For instance, in many cases prosecuted by the ICTY (especially Erdemović, Footnote 25 Mucić, Footnote 26 and Ćelebići Footnote 27 ) the defendants argued that the ICTY intended to sentence them to penalties higher than those provided for their conduct under the positive law of the former Yugoslavia. The Tribunal replied that, at the time of the commission of the crimes, there were non-written ICL sources providing higher penalties, for the crimes prosecuted, than those provided for by the domestic criminal law of the former Yugoslavia. In support of its argument, the ICTY cited the well-known provision of art. 15.2 of the International Covenant on Civil and Political Rights (ICCPR) (“Nothing in this article shall prejudice the trial and punishment of any person for any act or omission which, at the time when it was committed, was criminal according to the general principles of law recognized by the community of nations”). However, by doing so, the ICTY was not justifying the existence of such non-written ICL. Footnote 28 Indeed, the ICTY should have explained which non-written provisions were in force at the time of the commission of the crimes, so that – as the Tribunal wished – the provisions of the ICTY Statute could be seen as an acknowledgment of pre-existing norms. Therefore, when the ICTY stated that “There can be no doubt that the maximum sentence permissible (…) for crimes prosecuted before the Tribunal, and any sentence up to this, does not violate the principle of nulla poena sine lege. There can be no doubt that the accused must have been aware of the fact that the crimes for which they were indicted are the most serious violations of international humanitarian law, punishable by the most severe penalties,” Footnote 29 the ICTY did not explain nor justify the existence and scope of those non-written provisions. Actually, the same happened in the IMTN, which claimed the existence of non-written provisions (customary law!) criminalizing war crimes, crimes against humanity, and crimes against peace, but did not openly address the following problems: firstly, that the so-called precedent of war crimes actually related to breaches of international humanitarian law that established criminal liability of not individuals but states (international law sensu stricto); and secondly, that there were doubts about even the existence of a precedent for crimes against humanity and against peace in international law. Footnote 30
As a matter of fact, in referring to the ICTY decision in the Erdemović case, Kenneth Gallant has stated that at the time of the commission of the crimes there was a custom according to which war crimes could be punished even with the death penalty, because the latter was a usual punishment in the 19th century, it was applied by the Iraqi Special Tribunal for Crimes Against Humanity (IST) and by the Rwanda courts and this has not changed. Footnote 31 However, these facts are not enough proof of an actual repetitio facti and the required opinio iuris: Do we really still respond to war crimes with death penalties? Were those penalties in the 19th century of a criminal nature, i.e., were they based on the criminal responsibility of individuals or rather on domestic or military law? Can a single practice, namely of the IST and the Rwandan tribunals, be considered a “generalized” practice? I would say no (therefore, no repetitio facti). In view of this, the question could be raised as to whether the ICTY could have based criminal responsibility on general principles of law of ‘civilized’ nations. However, it is doubtful that those principles are sufficiently concrete to offer a non-vague definition of crimes, let alone a range of punishments, Footnote 32 so that they could hardly serve as a basis for constructing the punishability in the Erdemović case.

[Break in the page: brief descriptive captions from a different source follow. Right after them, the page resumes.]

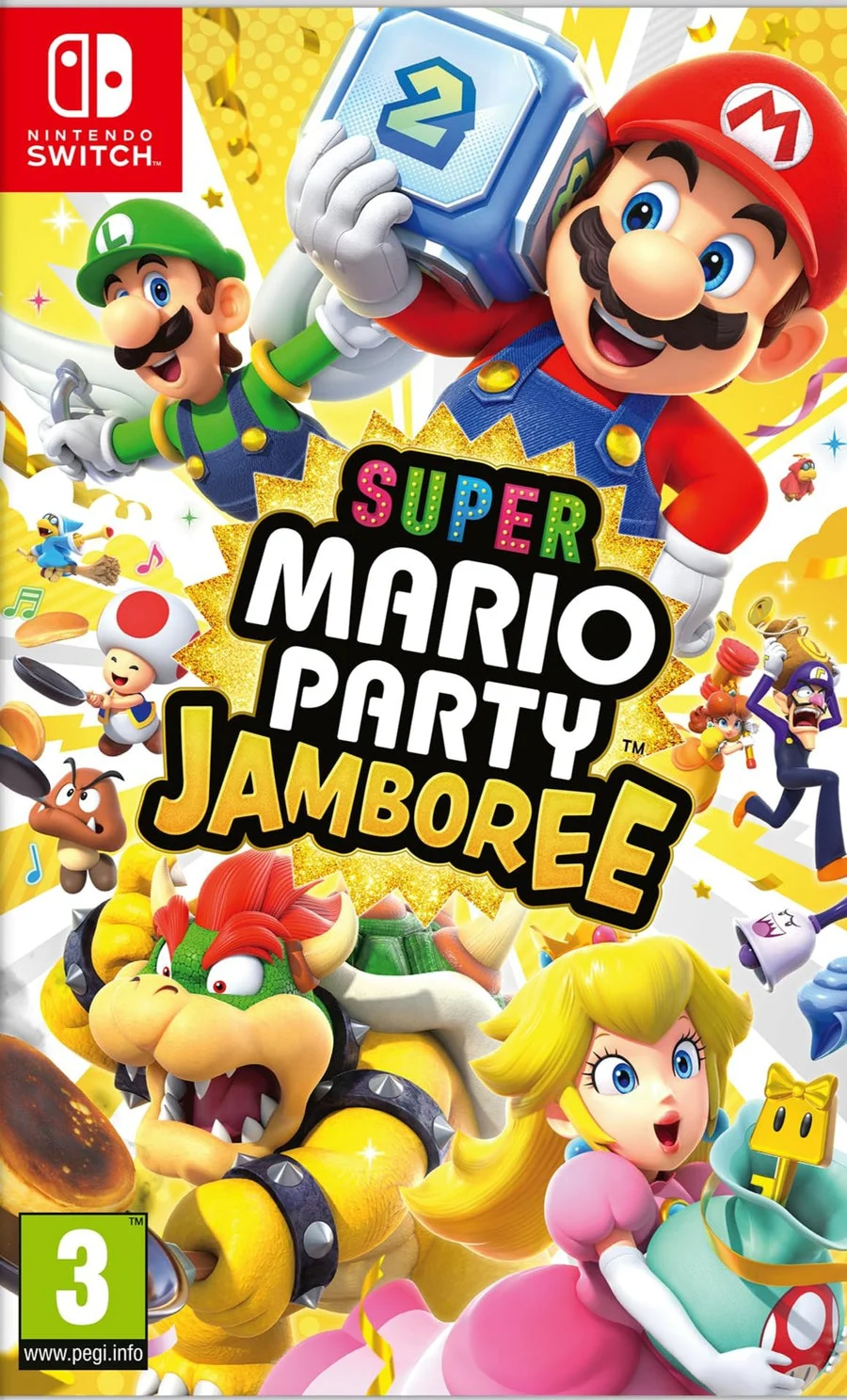 Nintendo Super Mario Party Jamboree – Nintendo Switch Game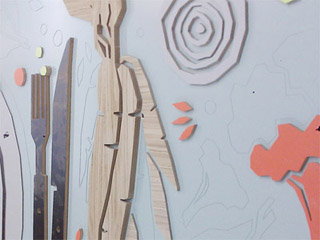 CNC Bearbeitung 5-Achs Maschine Frästeile Holzbearbeitung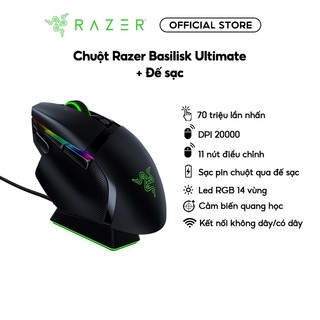 Chuột Razer Basilisk Ultimate-Wireless-Charging Dock_RZ01-03170100-R3A1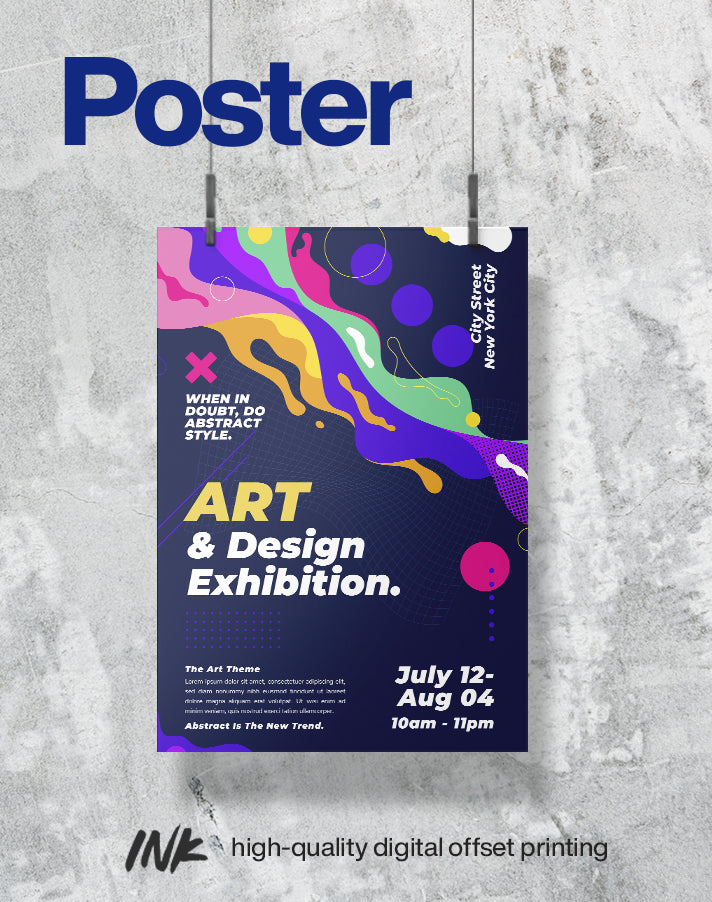 Poster (12 x 18 inches, 10 pcs.)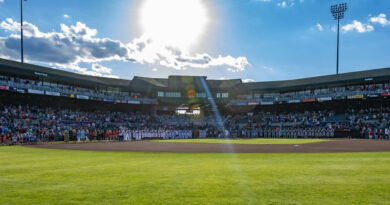 Aberdeen IronBirds stadium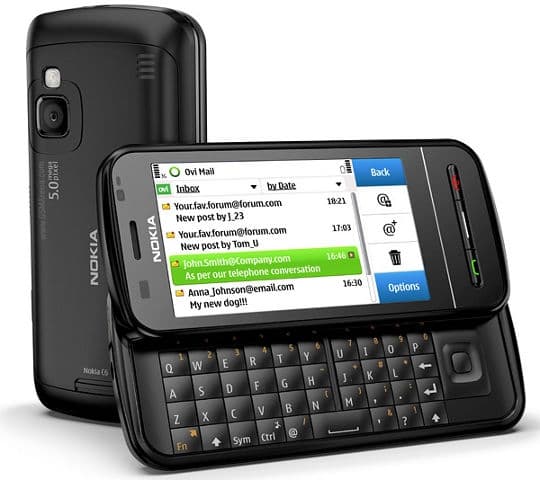 Main image of Nokia C6-00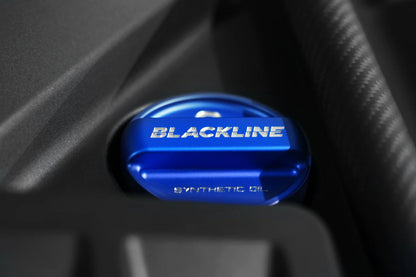 BMW 2021+ S58 ENGINE BLACKLINE PERFORMANCE CAP SET (OIL CAP / COOLANT CAPS)
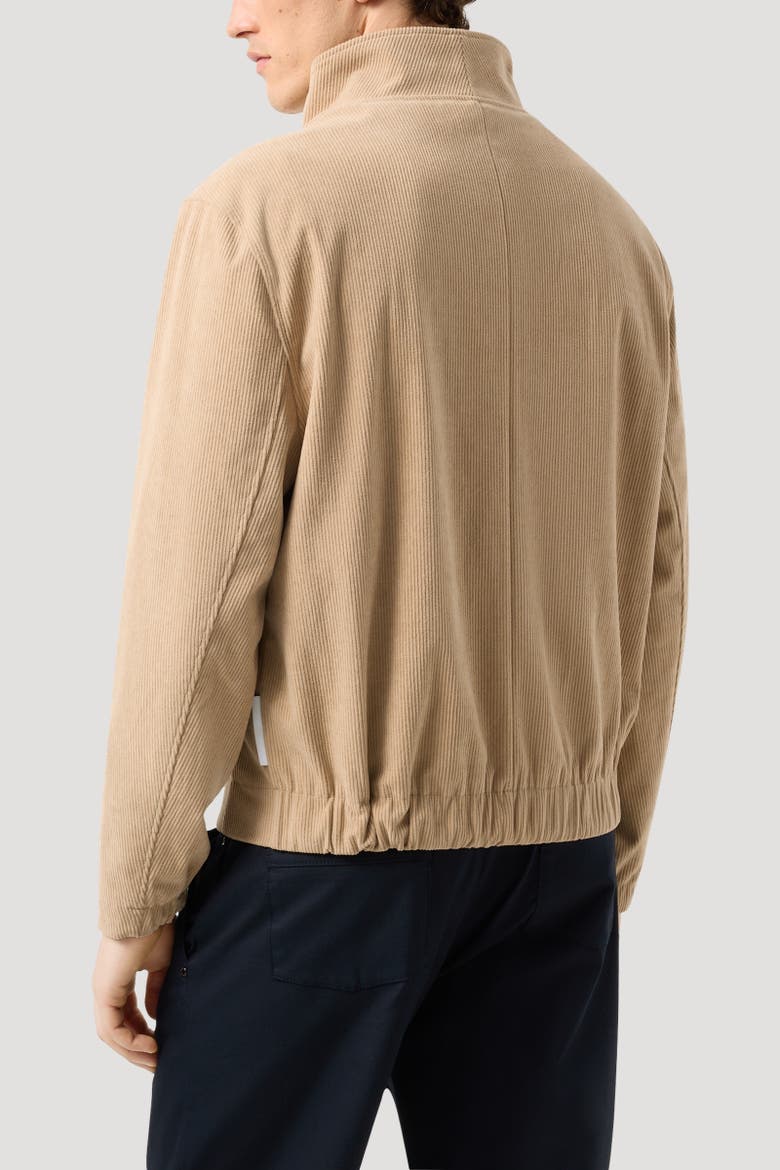 Corduroy Jacket Baxter, Alternate, color, Beige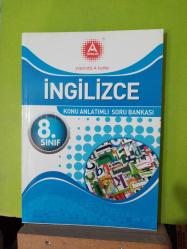 İNGİLİZCE KONU ANLATIMLI SORU BANKASI 8.SINIF -2.EL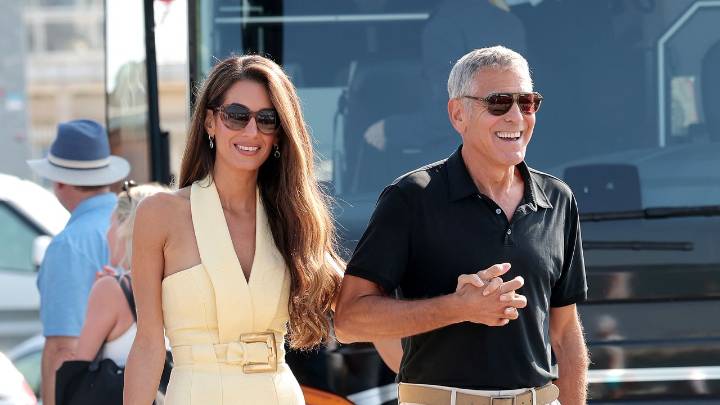Amal Clooney Joins Bella Hadid in Reviving Butter Yellow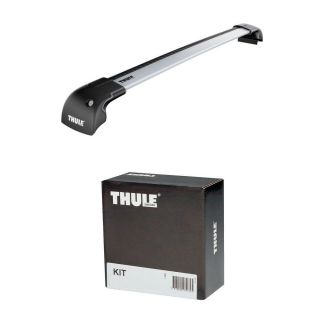 Solución Thule Edge Grey Renault Megane Ii 3-Dr Hatchback Año 03-08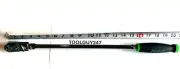 SNAP ON TOOLS USA 3/8 Drive XL Locking Flex Head GREEN Ratchet FHLLX80G NEW +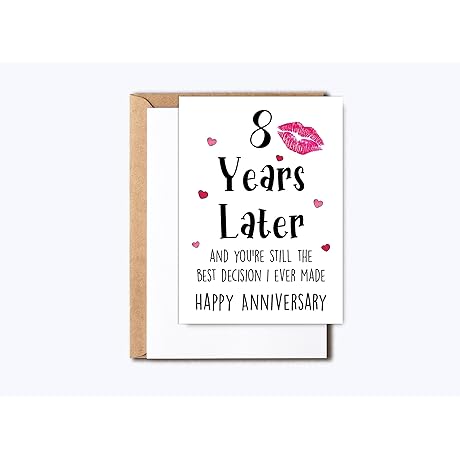 QPTADesignGift 8th Anniversary Card
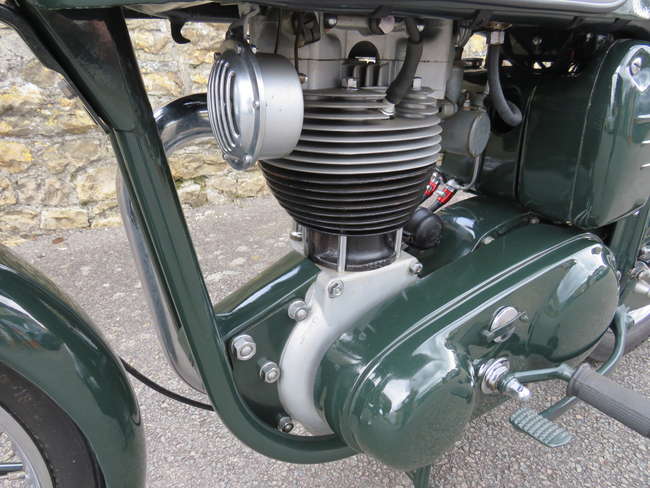 1959 Norton Model 50 350cc-Sold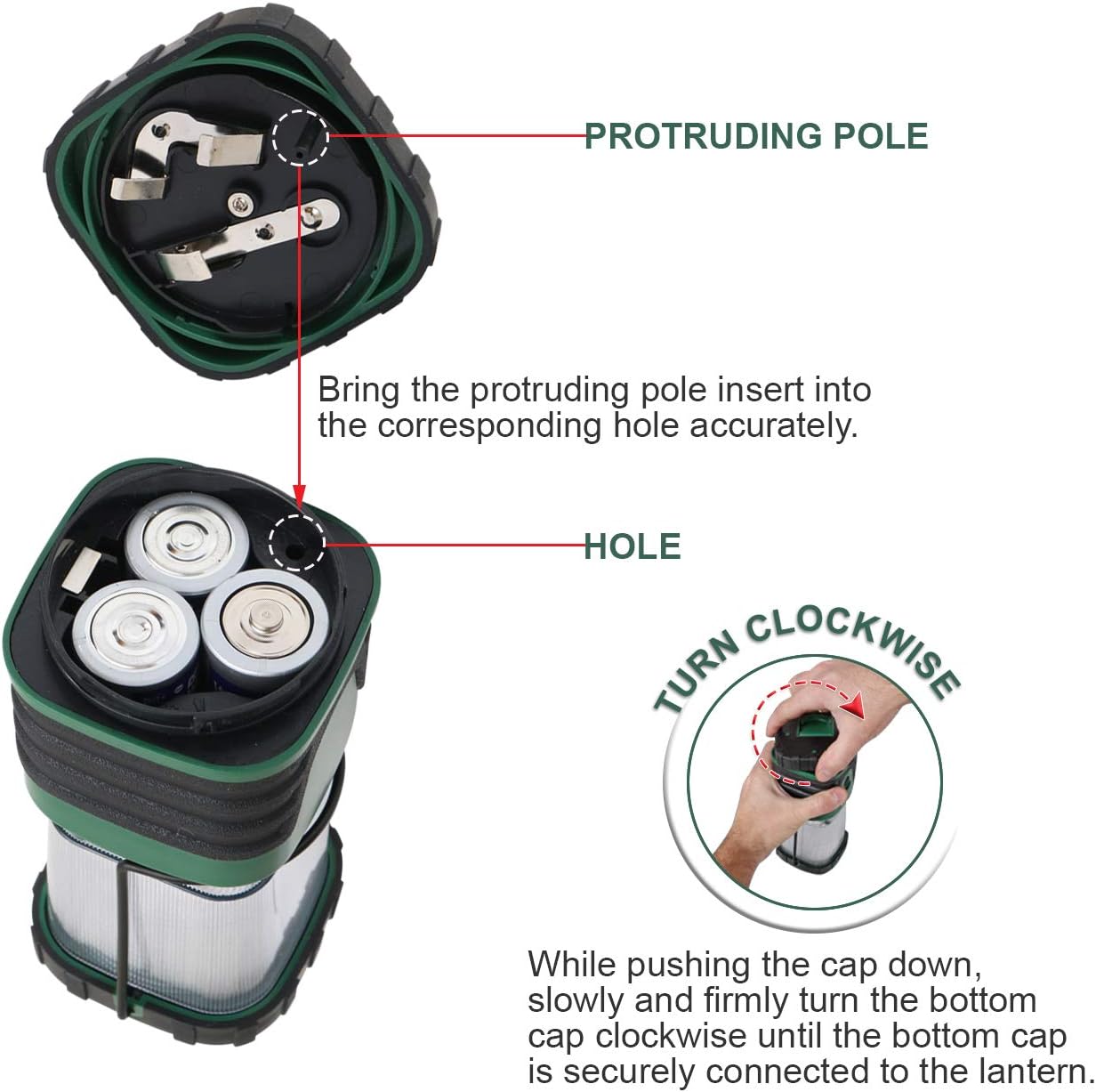 AYL Starlight 700 - Water Resistant - Shock Proof - Long Lasting Up to 6 Days Straight - 1300 Lumens Ultra Bright LED Lantern - Perfect Lantern for Hiking, Camping, Emergencies, Hurricanes, Outages: Sports & Outdoors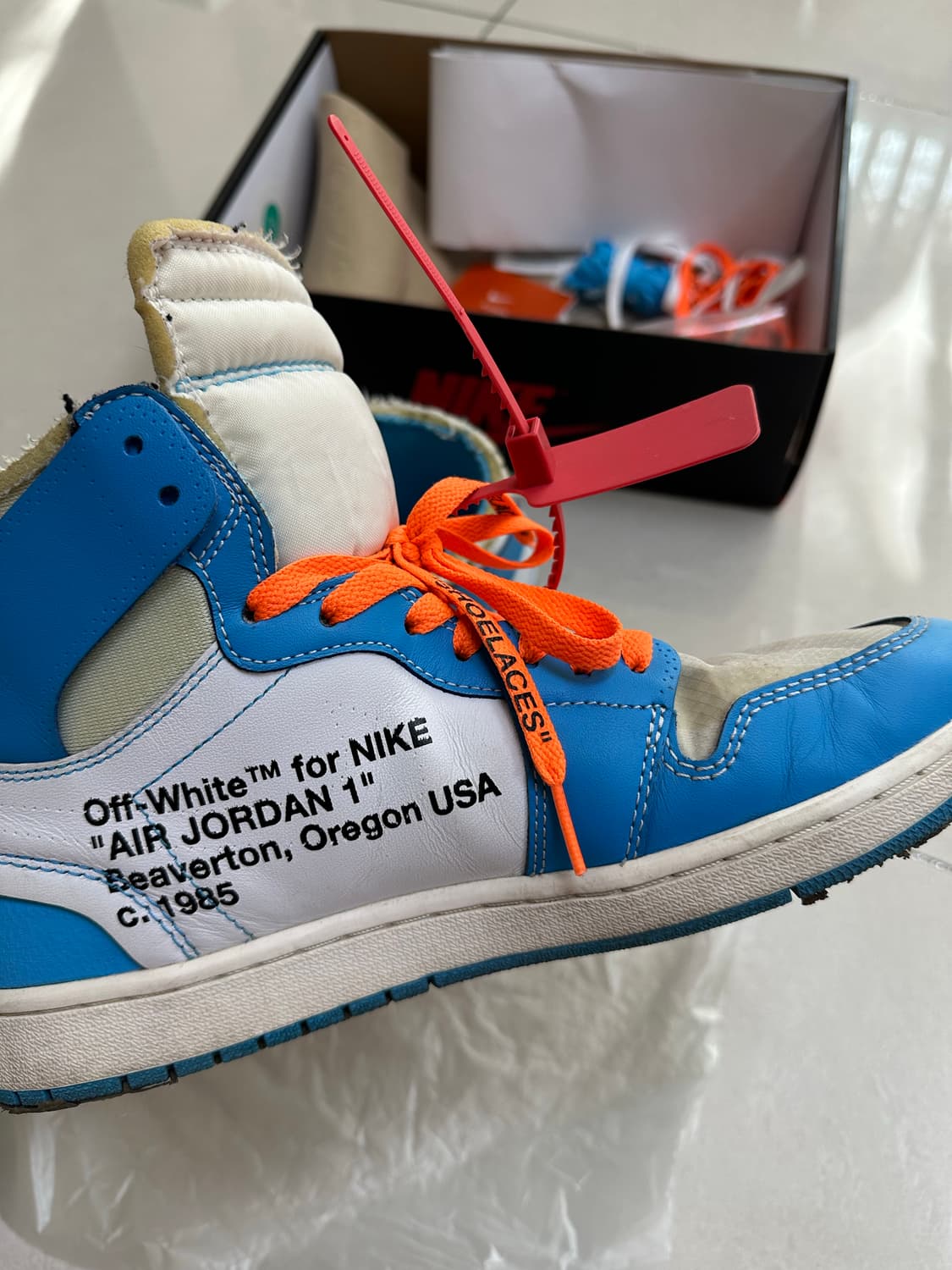 오프화이트 조던 UNC (280) 상품이미지2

In my opinion, both the IMTN and the ICTY should have admitted that, at the time of the commission of the crimes being prosecuted, there were no unwritten provisions founding the criminal responsibility of individuals and, therefore, these tribunals should have expressly said that they were basing the punishment on supra-positive law. As a matter of fact, that is precisely what international criminal jurisprudence does when it invokes general principles of law. As Joachim Renzikowski has correctly pointed out, those principles are an open door for supra-positive law. Footnote 33 Hence, by applying those principles tribunals are in fact considering (without saying it) “law” both positivized as non-positivized (supra-positive) law. Therefore, at the end, there is an admission of the limited relevance of the positivization required by the classic conception of legality. This should not be surprising, since there is a clear link between the opinio iuris element (an essential part of the custom and the sole core of the general principles of law) and morality. Footnote 34 Besides, one more argument supports the theory of the (veiled) application of supra-positive law by the international criminal tribunals: those (supposed) principles were non-enforceable at the time of the commission of the crimes, since, to that point, there was no court or tribunal with jurisdiction to apply them: a lex praevia without courts entitled to enforce it is (and not by chance) a typical feature of non-positivized law (clearly, of natural law, which is independent of time and history, of states and their sovereignty, and linked to the nature of mankind). Footnote 35
In conclusion, in the jurisprudence of international criminal tribunals the usual approach has been to apply supra-positive law without admitting it openly, with such supra-positive law being “presented” as if it were positivized in a custom or a general principle of law. The reality is that, since its inception, the ICL has turned to a supra-positive level to support the punishability of international crimes, even if it has “dressed” such supra-positive law as positive law. And by stating that there is a “law” where the existence of such law is doubtful, the jurisprudence has avoided the reproach of ex post facto criminal law application.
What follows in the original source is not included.